1. if $b$ is a final board state that is won, then $V(b)$ = 100
2. if $b$ is a final board state that is lost, then $V(b)$ = -100
3. if $b$ is a final board state that is drawn, then $V(b)$ = 0
4. if $b$ is not a final state in the game, then $V(b) = V(b')$ where $b'$ is the best final board state that can be achieved starting from $b$ and playing optimally until the end of the game

However, searching for the optimal line of play, all the way until the end of the game, is not efficiently computable. The goal of learning in this case is to discover an *operational* description of $V$. A description that can be used by the checkers-playing program to evaluate states and select moves within realistic time bounds. Thus, we have reduced the learning task in this case to the problem of discovering an *operational description of the ideal target function* $V$. 

**Choosing a Representation for the Target Function**

After specifying the ideal target function $V$, we must choose a representation that the learning program will use to describe the function $\hat{V}$ that it will learn. The choice of representation involves a crucial tradeoff. On one hand, we wish to pick a very expressive representation to allow represnting as close an approximation as possible to the target function $V$. On the other hand, the more expressive the representation, the more training data the program will require in order to choose among the alternative hypotheses it can represent.

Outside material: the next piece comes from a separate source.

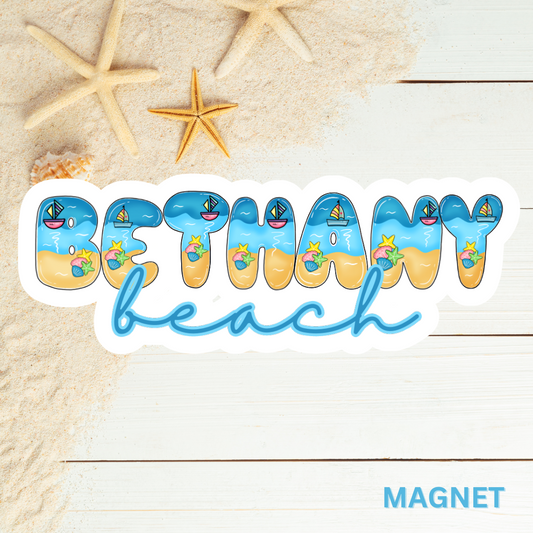 Bethany Beach Delaware Bubble Beach Font Die Cut Magnet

**Choosing a Function Approximation Algorithm**

While it is easy to assign a value to board states that correspond to the end of the game, it is less obvious how to assign training values to the *intermediate* board states that occur before the game's end. The rule for estimating training values is summarized as

> **Rule for estimating training values:** 
>$$
>V_{train}(b) \leftarrow \hat{V}(Successor(b))
>$$

$\hat{V}$ denotes the learner's current approximation to $V$ and $Successor(b)$ denotes the next board state following $b$. Iteratively estimating training values based on estimates of successor state values can be proven to converge toward perfect estimates of $V_{train}$.

**Adjusting the Weights**

First, define the *best fit* to the training data. One common approach is to define the best hypothesis, or set of weights, which minimizes the squared error $E$ between training (real) values and values predicted by hypothesis $\hat{V}$.

>$$
>E \equiv \sum_{\langle b, V_{train}(b) \rangle \in\ training\ examples} (V_{train}(b) - \hat{V}(b))^2
>$$

Thus, we seek the weights, or equivalently the $\hat{V}$, that minimizes $E$ for the observed training examples. Many algorithms will incremently refine the weights as new training examples become avavilable and become rebust to errors in these estimated training values. One example is least mean squares (LMS), which performs stochastic gradient-descent search through the space of hypotheses (weight values) to minimize the squared error $E$.

>**LMS weight update rule**
>
>For each training example $\langle b, V_{train}(b)\rangle$
>
>- Use the current weights to calculate $\hat{V}(b)$
>- For each weight $w_i$, update it as $w_i \leftarrow w_i + \eta (V_{train}(b) - \hat{V}(b))x_i$

Here, $\eta$ is a small constant (e.g., 0.1) that moderates the size of the weight update. For a deeper intuitive understanding, notice that when the error $(V_{train}(b) - \hat{V}(b))$ is zero, the weights are not changed. However, if the is positive, that means $\hat{V}(b)$ is too small and the weight is increased in proportion to the value of its corresponding feature.